How would Northern Ireland cross the plebiscitary line if we got a vote? Hard to say; but if there was a Yes, it wouldn’t score anywhere near the same margin of comfort our southern brothers and sisters enjoyed.
But the great historical irony and takeaway from the May 23 2015 vote was that those Ulster counties who voted – Cavan, Monaghan and Donegal – voted YES.
It is a thumping strike against the outrageously inept slogan ‘Ulster Says No‘, something that will loudly standout in Northern Ireland’s rather inglorious history.
Northern Ireland is walking a funny line at the moment, bubbling up with over-statement and over-reaction, as they the religious once again cry wolf that Christians are being persecuted; when all in fact that is being asked is that a minority be able to enjoy the same rights and privileges they themselves enjoy.
Of course, all the religious indignity and lost arguments of the past are forgotten, and the arguments and hysterics are repeated and bleated out.
I’m for the liberalising and secular tide of history and the upward arch. Northern Ireland needs to wake up and suffer a “reality check“and realise the reputational injury it’s causing itself.
Northern Ireland is on the wrong side of history, but as Ben Lowry said, and I’ve said many times before, equal-marriage will come to Northern Ireland, one way or another.
you don’t bear any burden for being born to unionist parents. it also has no meaningful correlation to *literally* having a “planter” heritage, any more than anyone who is nationalist or born south of the border has anything to do with such a heritage, regardless of their familial imposed religion or politics. this is a black and white view of the history of the people on this island. we’re never going to get over the issues of identity here if we can’t transcend the notion that someone’s born a unionist, or that that they were born into a protestant or unionist family means there’s a direct line of heritage going back centuries to the plantation. it’s counter intuitive.
Revolutions are based on issues like poverty and injustice such as the French or Russian revolutions. They are not based on sex. The outworking of the “60s” sexual revolution, which Ireland seemed to miss, is being seen in Saville et.al. We’re fifty years late and we think we’re world leaders. Pantibliss is the new Larkin? Really! The only reason the world takes notice is because of our putative Catholicism and there lies the real story, the real shock and awe.
The practical challenges facing Northern Ireland on Equal Marriage are much less than those facing the republic. Ours required a change in our constitution, hence the referendum. Northern Ireland just requires a majority in the Assembly.
The next Dail will likely bring about another referendum on abortion. A consensus has been building on allowing abortion in the events of fatal fetal abnormality, rape and incest, accelerated by the Savita Halappanavar case in 2012. This will have to be brought about by legislative change, based on the probable removal of the constitutional ban on abortion.
This is going to be a real ding-dong battle between the forces of liberalism and conservatism in the republic. There’ll be skin and hair flying!

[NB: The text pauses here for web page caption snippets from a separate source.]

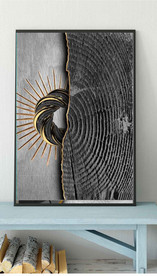 现代烁金水墨金色年轮木纹装饰画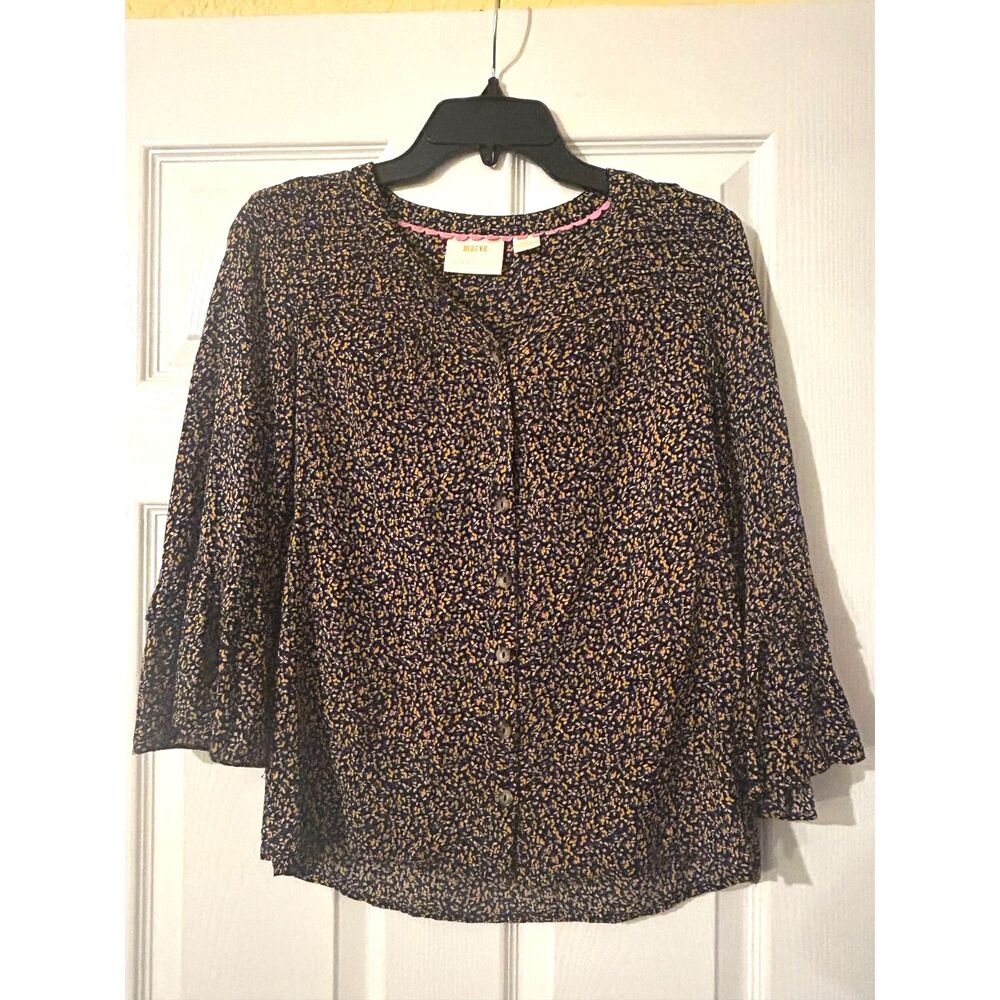 Maeve 3/4 Quarter Sleeve Button Up Shirt Blue With Multicolor Floral Pattern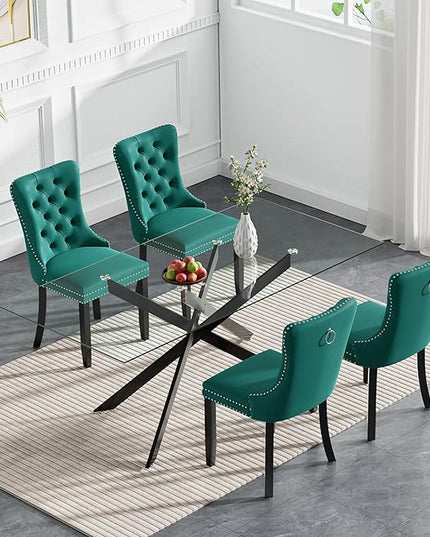 HomVent 5 Piece Rectangular Glass Dining Table Set, Tempered Glass Dinner Table Set for 4 Kitchen Table Set with 4 Velvet Upholstered Chairs for Kitchen Dining Room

Phew! By a whisker! Sighs of relief across Free West-Ulster! Special vote of thanks and All-Ireland Rainbow Medals to all of those Gallant 34 voters in Donegal South-West who saved us from that unthinkable West-of-the-Shannon Shame by a magnificent 50.1%YES to 49.9%NO, snatching Glorious Victory from the baleful jaws of Ignominious Defeat. Not forgetting, of course, the Breffni Boys and those 731 Rainbow Warriors of Cavan-Monaghan who squeaked home with a barely 1.3% margin of 50.6%YES to 49.4%NO. So, no reason why our south-eastern ‘pene-enclave’ our ‘last bastion of discrimination and discriminalisation’ shouldn’t rise to the dizzying heights of Donegal and Cavan-Monaghan, if given the chance. They really haven’t set the bar too high for even their most Leviticus-bound neighbours to leap. Bring it on!